### Brief
Take the lines below beginning at the line that has "box of rocks, coffee" and stopping after the line that has "empty room with", and print them exactly as they are, with no other lines.

======== Input data ========

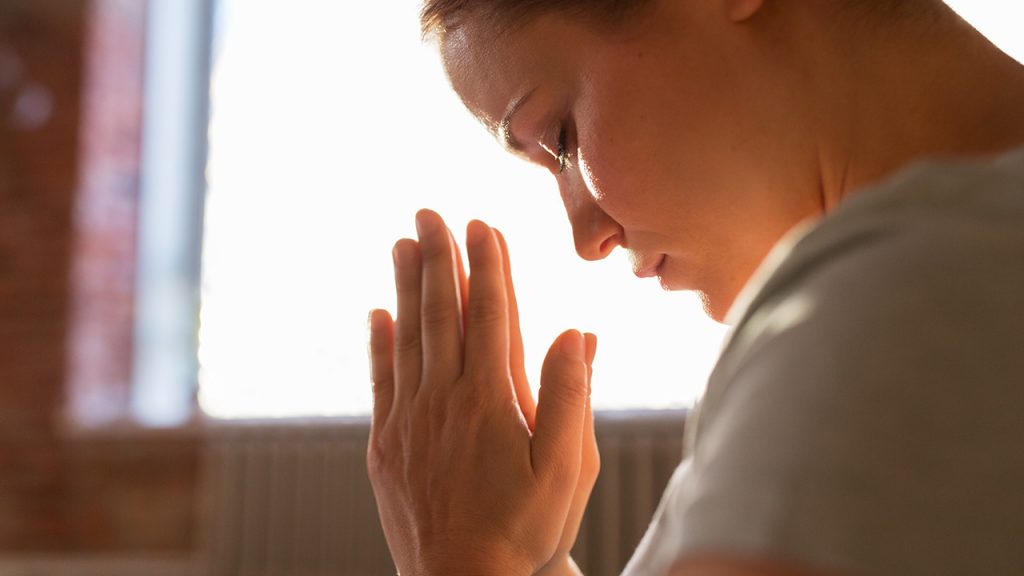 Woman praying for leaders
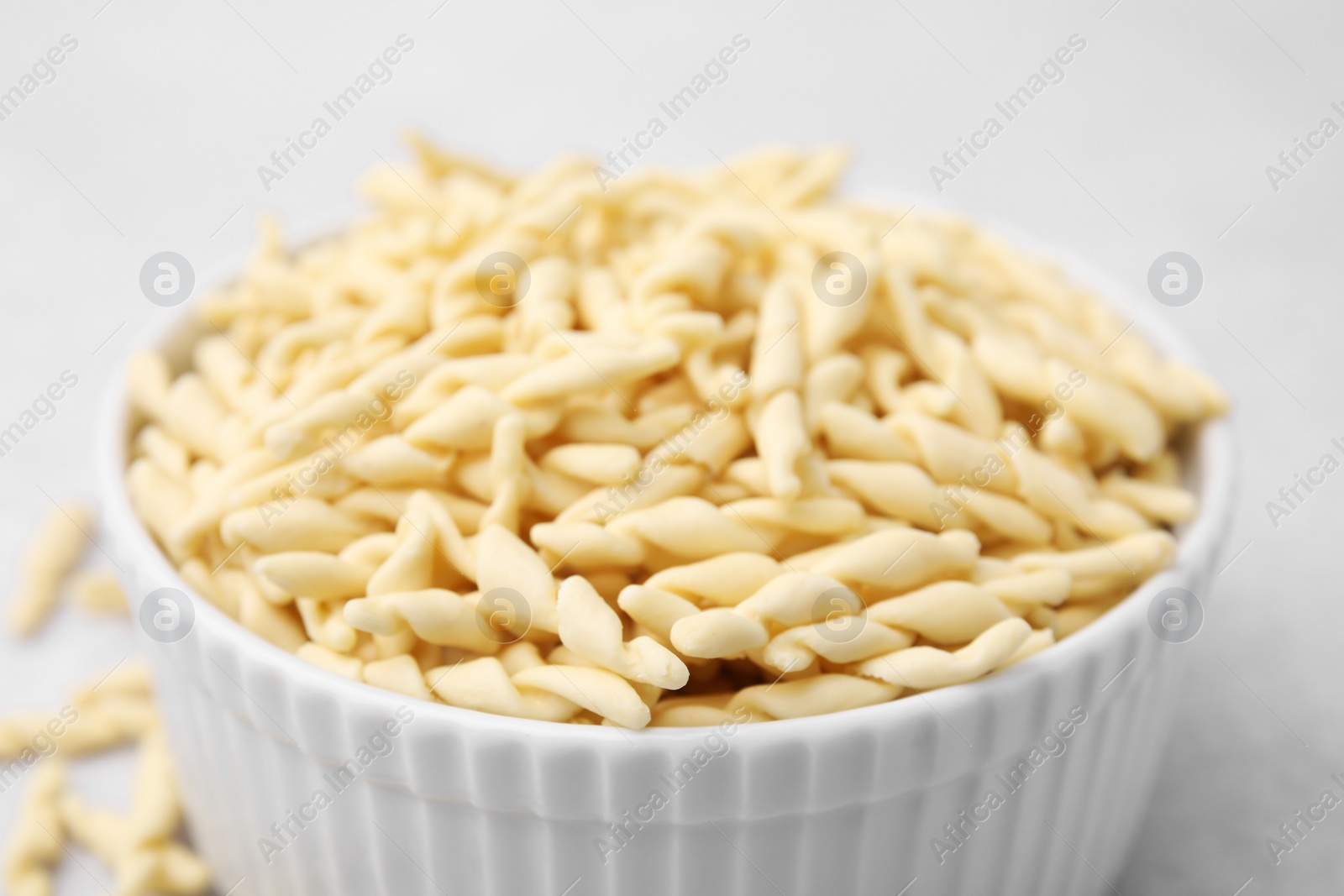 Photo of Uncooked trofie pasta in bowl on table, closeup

========
======== Input data ========

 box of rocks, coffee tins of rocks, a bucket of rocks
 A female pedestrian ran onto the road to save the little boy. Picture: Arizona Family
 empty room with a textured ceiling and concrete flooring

========

### Written reply
 box of rocks, coffee tins of rocks, a bucket of rocks
 A female pedestrian ran onto the road to save the little boy. Picture: Arizona Family
 empty room with a textured ceiling and concrete flooring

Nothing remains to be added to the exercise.